● **Requirement**:
Look below for the line containing "Celine Earrings". Write out that line and the rest through the last one, exactly as they appear, but without pictures.

---------- Source material ----------

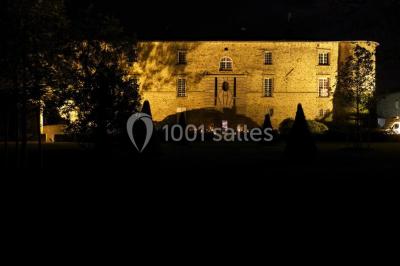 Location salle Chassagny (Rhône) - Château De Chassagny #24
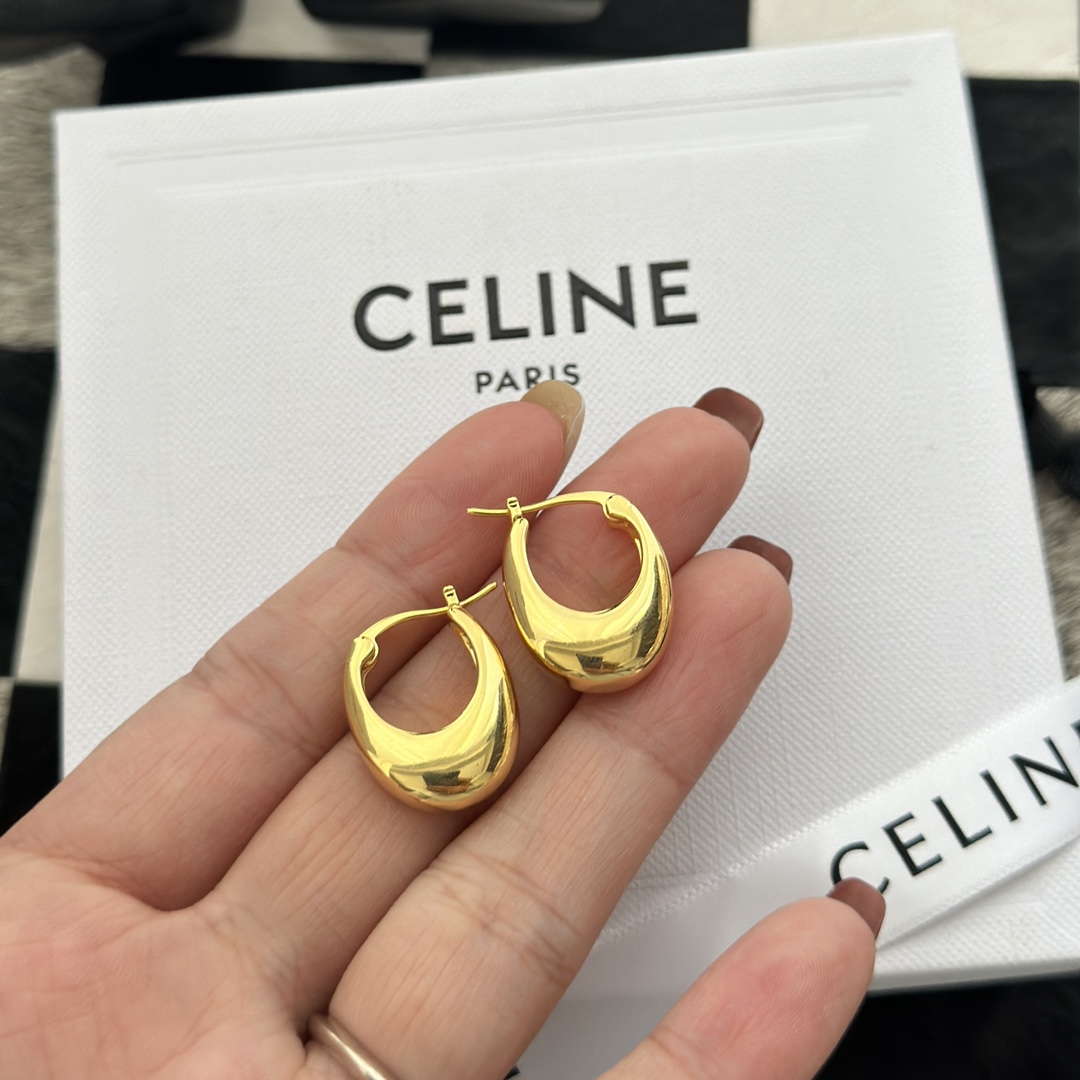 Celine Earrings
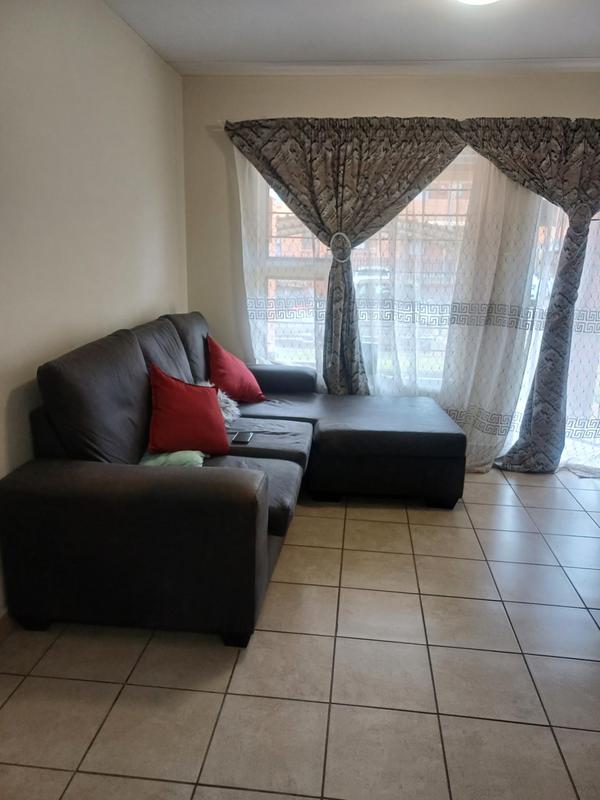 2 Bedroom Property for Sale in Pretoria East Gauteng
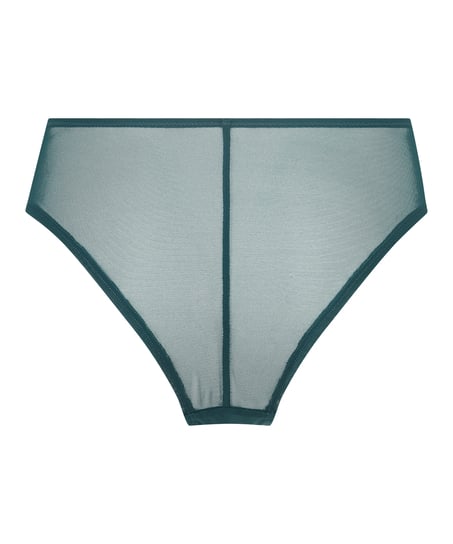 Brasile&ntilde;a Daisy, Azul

----------

● **Expected answer**:
 Celine Earrings
 2 Bedroom Property for Sale in Pretoria East Gauteng
 Brasile&ntilde;a Daisy, Azul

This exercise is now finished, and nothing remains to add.